# Any feedback from experience



## honkerslayr (Dec 14, 2006)

*Vexilar or Marcum?*​
Vexilar2890.32%Marcum39.68%


----------



## honkerslayr (Dec 14, 2006)

Hey guys just have a few things i was wondering if you could help me out with some feedback.

Have any of you tried the new size of Chubby Darters out yet, any luck with them, colors?

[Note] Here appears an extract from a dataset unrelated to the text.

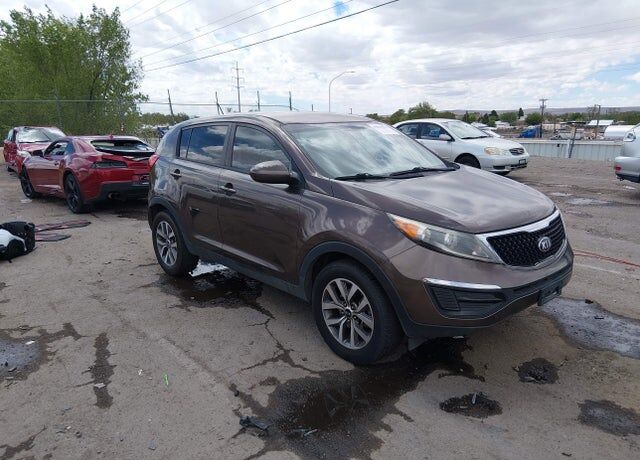 2014 KIA Sportage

And i was curious if most of you use vexilars or Marcums. I was thinkin of buying a Marcum VX-2 or a Vexilar Fl-12 ANy feedback or suggestions?


----------



## Savage260 (Oct 21, 2007)

slayr, I have a Lowrance X67C that I think works better than any Vexilar any of my fishing buddies have brought to Devils Lake. Plus, I can use it in the summer on my boat because of the many different screen choices. I know most people are Vexilar supporters, but give the Lowrance a try.


----------



## james.hunter (Sep 5, 2007)

I have a lowerance 522c and love it, it also can a built in vex screen. But if i had to choose i would go with the underwater cameria were its an option. Just eiser to change tactics when you can see the fish you are after and what kind it is.


----------



## fishless (Aug 2, 2005)

A vote for Marcum, Ive had a fl8 and fl18, and now a Marcum lx3 with true color. I think they probably mark fish equally well but the Marcum has the ability to zoom in any wear you want in the water column and thats my favorite feature, because thats the one that catches fish.


----------



## BeekBuster (Jul 22, 2007)

I got the fl-20 might not be what your looking for but it offers the zoom to either 6 or 12 feet and you can distinguish the smaller fish from the bigger ones, huge advantage absoloutly love it. Would not go fishing without one..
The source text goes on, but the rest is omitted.